Creating company culture is the CEO's concern, not just HR's
Leading management consultants will often tell you that changing an organisation’s culture is one of the hardest tasks there is in business. Undergoing a transformational shift throughout a company requires dedicated, consistent and planned messaging where actions have to be implemented to have any real effect.
If meetings and bonding sessions are held yet everyone reverts to the same type of behaviour immediately afterwards, then your chances of changing that culture are very limited. A good culture can attract new quality staff and a bad culture will encourage most staff to walk out the door.
“Eighty percent of managers believe that culture has a massive or substantial impact on employee attraction,” Shane Michael Hatton, coach and trainer, told HRD. “Gallup has been studying organisations and teams across the world for more than 80 years. Drawing on this research, the article ‘Culture Wins by Attracting the Top 20% of Candidates’ by Nate Dvorak and Ryan Pendell point out two compelling reasons why culture is your best attraction strategy.
“Strong culture is how we create ‘employees that become brand advocates’, with 71% of employees saying that the way they learn about job opportunities is through a referral from current employees of an organisation.
“Your team culture may not have a LinkedIn profile, it’s not at barbecues on the weekend talking with prospective employees and it doesn’t speak at conferences about how great it is to work in your team – but your people are, and they are talking about your culture. It’s why you should never underestimate the reach and influence of a raving fan or the damage that can come from a disgruntled employee.

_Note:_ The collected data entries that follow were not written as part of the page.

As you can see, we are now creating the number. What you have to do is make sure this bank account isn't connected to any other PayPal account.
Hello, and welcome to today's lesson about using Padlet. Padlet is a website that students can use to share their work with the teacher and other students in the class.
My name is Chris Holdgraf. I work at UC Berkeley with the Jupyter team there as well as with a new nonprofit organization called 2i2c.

“Their second insight is that talented people proactively seek out organisations with exceptional culture. That is, the top 20% of talent are more likely to ask questions relating to your culture.
“Dvorak and Pendell found that the most talented candidates ask questions like ‘Who will my manager be?’, ‘How will I learn and grow here?’ and ‘What does this company stand for?’ In contrast, they found that less talented prospects will ask transactional questions relating to issues like pay, perks and hours.”

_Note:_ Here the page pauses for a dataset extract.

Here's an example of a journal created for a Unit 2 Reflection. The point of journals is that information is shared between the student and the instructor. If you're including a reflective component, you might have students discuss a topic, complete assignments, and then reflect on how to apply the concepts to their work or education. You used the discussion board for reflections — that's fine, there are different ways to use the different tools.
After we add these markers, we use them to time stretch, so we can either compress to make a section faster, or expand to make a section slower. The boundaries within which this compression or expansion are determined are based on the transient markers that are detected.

When you arrive at a company you expect the basics of a good culture to exist – helpful colleagues, supportive environment, functional workstation and a planned learning or training program depending on your position. And it’ not just up to HR – a culture should always emanate from the CEO and the boardroom.
It is not hard for companies to get the little things right but surprisingly they often get them wrong with areas such as IT set-up and clear communication of work priorities the biggest areas of new employee frustration. A lack of company direction or if an employee doesn’t feel included in team meetings or either informal gatherings within the office, can also have a big impact.
“Of all the areas managers believe culture has the greatest impact on, employee engagement is at the top of the list, with 83% saying it has a massive or substantial impact,” Hatton added.
“From a study of nearly 4000 skilled employees, the Hays Salary Guide FY21/22 revealed the top reasons employees are looking for another job - alongside a lack of promotional opportunities and a competitive salary - was ‘poor management and workplace culture’ that made it into the top three for more than a third of respondents.
“Culture isn’t just your best attraction strategy, it’s also your most valuable retention strategy, because it’s a driving factor in employee engagement. Engaged people don’t just perform better, they also stay longer. While an attraction strategy may entice great people through the front door of your organisation, strong culture will prevent them from slipping out the back.
“Success starts with finding and keeping the best people. A pay cheque and perks might get their attention, and a ping-pong table in the break room might make lunchtime more enjoyable, but the culture is your team’s best unseen competitive advantage.”